I apologize in advance for not providing an example, but I think the
non-reproducibility of the error is maybe a key point of this problem.
Simplest possible description of the problem: I have two functions: g(X)
and f(v).
g(X) does:
i) inputs a large matrix X;
ii) derives four other matrices from X (I'll call them A, B, C and D) then
saves to disk for debugging purposes;
Then, f(v) does:
iii) loads A, B, C, D from disk
iv) calculates the log-likelihood, which vary according to a vector of
parameters, v.
My goal application is quite big (X is a 40000x40000 matrix), so I created
the following versions to test and run the codes/math/parallelization:
#1) A simulated example with X being 100x100
#2) A degraded version of the goal application, with X being 4000x4000
#3) The goal application, with X being 40000x40000
When I use qsub to submit the job, using the exact same code and processing
cluster, #1 and #2 run flawlessly, so no problem. These results tell me
that the codes/math/parallelization are fine.

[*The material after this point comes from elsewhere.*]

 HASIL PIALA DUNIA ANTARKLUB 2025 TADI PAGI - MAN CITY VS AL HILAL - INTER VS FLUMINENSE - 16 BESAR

For application #3, it converges to a vector v*. However, when I manually
load A, B, C and D from disk and calculate f(v*), then the value I get is
completely different.
For example:
- qsub job says v* = c(0, 1, 2, 3) is a minimum with f(v*) = 1.
- when I manually load A, B, C, D from disk and calculate f(v*) on the
exact same machine with the same libraries and environment variables, I get
f(v*) = 1000.
This is a very confusing behavior. In theory the size of X should not
affect my problem, but it seems that things get unstable as the dimension
grows. The main issue for debugging is that g(X) for simulation #3 takes
two hours to run, and I am completely lost on how I could find the causes
of the problem. Would you have any general advices?
Thank you very much in advance for literally any suggestions you might have!